By Rebecca Yale Taft, MIT CSAIL

One area of research focus for the Intel Science and Technology Center for Big Data is investigating the tight integration of array DBMSs with ScaLAPACK, a high-performance linear algebra software package, to create a faster, more efficient way to analyze very large, complex data sets.

At the ISTC’s recent Research Retreat, ISTC Principal Investigator Jack Dongarra and Thomas Herault from the University of Tennessee discussed their latest work in this area. The goal of their research is to help SciDB, a popular array-based DBMS, perform common linear algebra operations competitively while implementing fault tolerance and taking advantage of coprocessors.

**Capitalizing on Coprocessors**

Professors Dongarra and Herault started by reviewing the existing linear algebra packages available: BLAS (Basic Linear Algebra Subroutine), which is designed for basic dense linear algebra such as vector and matrix multiplication; LAPACK (Linear Algebra PACKage), which builds upon BLAS and is designed for more complicated sequential operations such as linear least squares, eigenvalue problems, and singular value decomposition; and ScaLAPACK (Scalable Linear Algebra PACKage), which is a version of LAPACK designed for parallel distributed memory machines.

Next they discussed some of the latest software packages under development, such as MAGMA (Matrix Algebra on GPU and Multi-core Architectures), PLASMA (Parallel Linear Algebra for Scalable Multicore Architectures), and DPLASMA (Distributed PLASMA).
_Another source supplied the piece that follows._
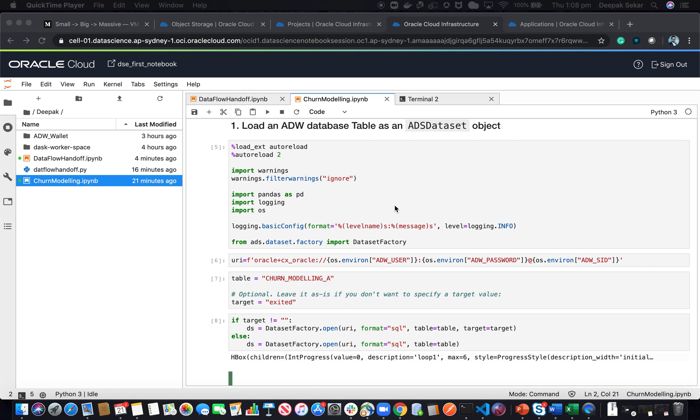Hello, everyone. In my previous articles, we saw the what, why, and how of data science and the five different ways to build machine learning models in the Oracle environment.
These software packages are all related in that they depend on BLAS and LAPACK, but can take advantage of extremely fast coprocessors such as Intel’s Xeon Phi architecture. DPLASMA is the latest effort, and uses a new distributed Direct Acyclic Graph engine to improve performance.

**Improving Fault Tolerance with Checkpoint on Failure**

The latest work that Dongarra and Herault spoke about was the implementation of fault tolerance in these linear algebra libraries. A fault-tolerant version of ScaLAPACK is important for SciDB because otherwise processes would have to start from scratch after failure and cause an unacceptable lag time.

One idea is to use Algorithm-Based Fault Tolerance such as including check-sums or CRC in factorization algorithms like QR decomposition. But when using MPI with distributed systems, the state may be left undefined if one of the parallel processes fails. To prevent the algorithms from having to start over, some existing fault-tolerant systems use regular checkpointing, but this technique adds an overhead of almost 25% since it requires regular writes to disk. A new technique called Checkpoint on Failure reduces this overhead and creates an optimal number of checkpoints by causing each process to save a checkpoint only in case of failure. This reduces the overhead of fault-tolerance to only 10%, and means that traditional ScaLAPACK may be accurately labeled “last-century.”

Further plans include coprocessor-based computing in which threads alternate between task execution and scheduling, as well as data pipelining to avoid data reshuffling.